- [Given data]
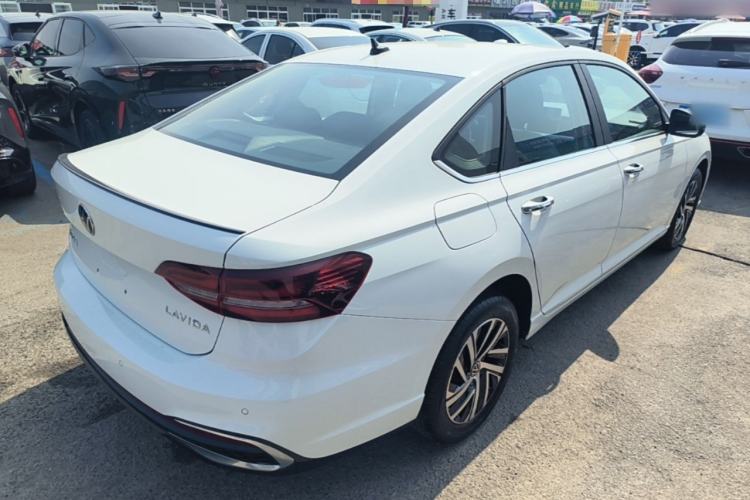 Used Volkswagen Lavida 2024 300TSI DSG Starry Sky Leading Edition Rear Right 45 Deg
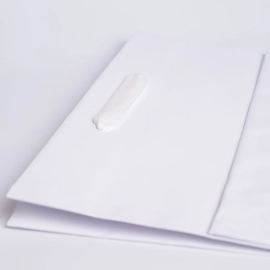 Gepersonaliseerde Tassen met handvatten van touw of linten Noblesse Premium Zak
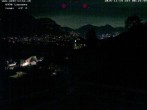 Archiv Foto Webcam Lugano - San Salvatore - Blick Richtung Lugano 23:00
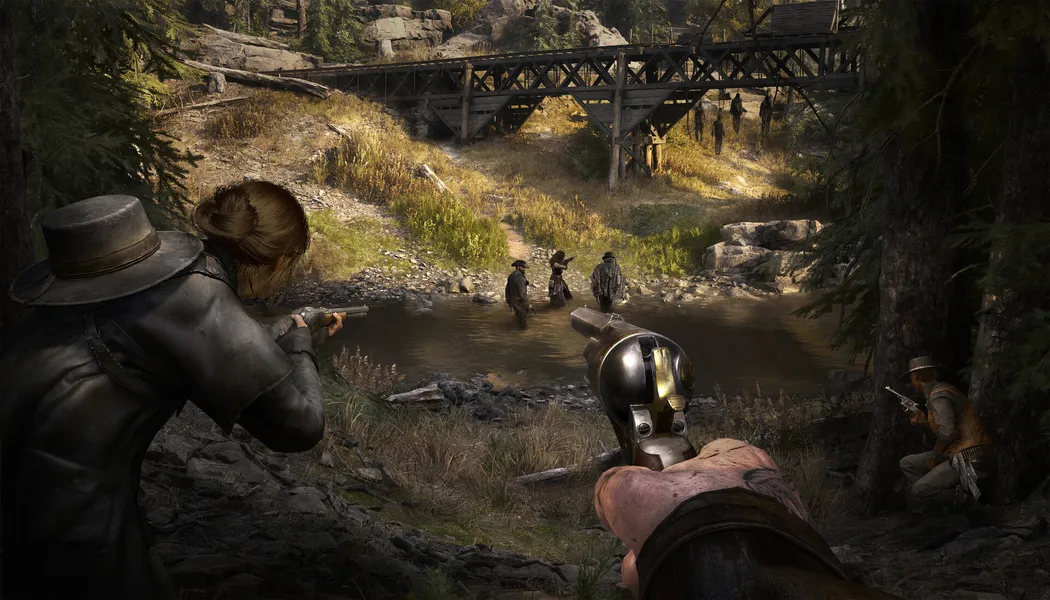 Hunt Showdown 1896 screenshot 4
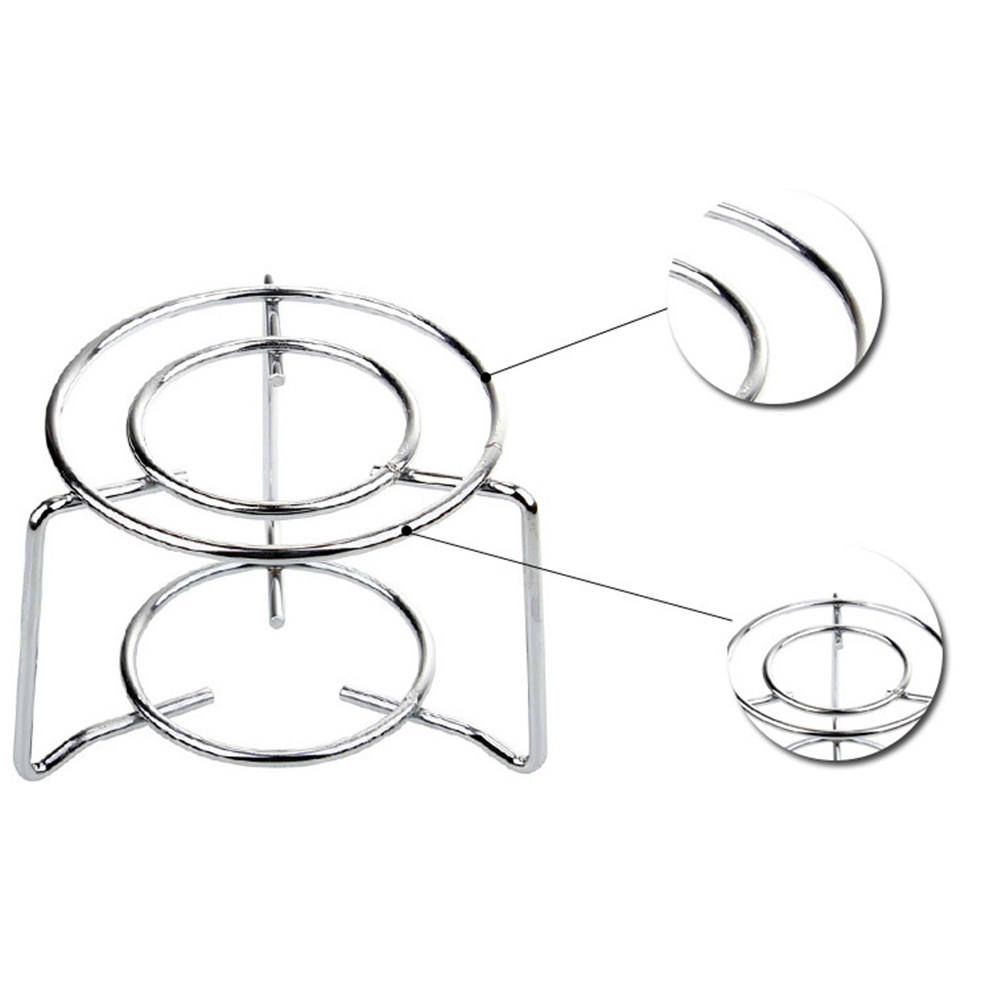 Suporte Redondo de Aço Inoxidá - Camping Cooking Alcohol avaliação e preço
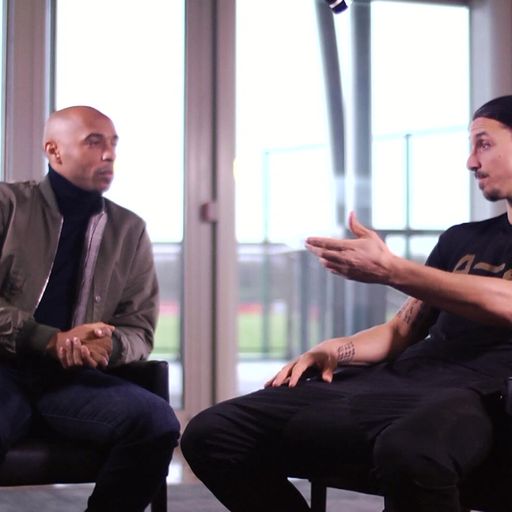 When Henry met Zlatan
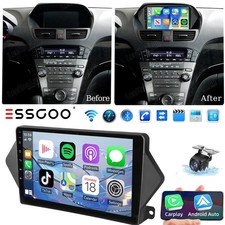 For Honda Acura Mdx 2007-2013 4g64gb Android 15 Carplay Car Stereo Radiocma For Honda Acura Mdx 2007-2013 4g64gb Android 15 Carplay Car Stereo Radiocma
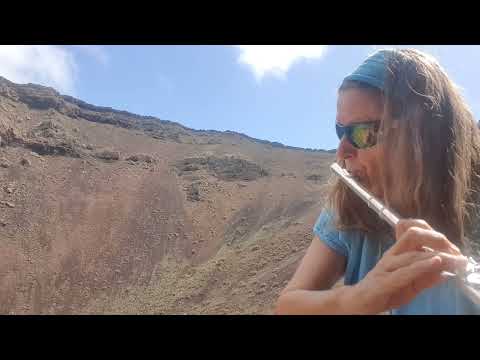 Flute In The Volcano - Monte Corona, Lanzarote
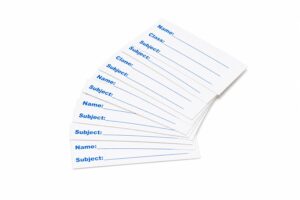 Copy Book Labels x10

- [Work order] Above, find the line holding "Gepersonaliseerde Tassen met" and the line holding "When Henry met Zlatan". Print exactly those two lines and every line between them, but no pictures.

- [Your solution]
 Gepersonaliseerde Tassen met handvatten van touw of linten Noblesse Premium Zak
 Archiv Foto Webcam Lugano - San Salvatore - Blick Richtung Lugano 23:00
 Hunt Showdown 1896 screenshot 4
 Suporte Redondo de Aço Inoxidá - Camping Cooking Alcohol avaliação e preço
 When Henry met Zlatan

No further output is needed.